Work task | Among the records below, which lines contain the string "Apple"? Report them.

Input |

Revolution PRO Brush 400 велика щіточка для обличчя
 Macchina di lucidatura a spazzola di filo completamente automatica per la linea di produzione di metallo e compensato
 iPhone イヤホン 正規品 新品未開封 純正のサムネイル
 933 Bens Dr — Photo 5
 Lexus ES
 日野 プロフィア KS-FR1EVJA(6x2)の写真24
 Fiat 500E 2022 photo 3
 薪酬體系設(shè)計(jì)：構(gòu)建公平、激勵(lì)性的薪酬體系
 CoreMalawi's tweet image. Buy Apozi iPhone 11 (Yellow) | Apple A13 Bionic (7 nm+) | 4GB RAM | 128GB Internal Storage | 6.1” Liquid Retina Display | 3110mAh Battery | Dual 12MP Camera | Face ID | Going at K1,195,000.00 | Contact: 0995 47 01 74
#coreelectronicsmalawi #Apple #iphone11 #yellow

Final answer |
 CoreMalawi's tweet image. Buy Apozi iPhone 11 (Yellow) | Apple A13 Bionic (7 nm+) | 4GB RAM | 128GB Internal Storage | 6.1” Liquid Retina Display | 3110mAh Battery | Dual 12MP Camera | Face ID | Going at K1,195,000.00 | Contact: 0995 47 01 74
#coreelectronicsmalawi #Apple #iphone11 #yellow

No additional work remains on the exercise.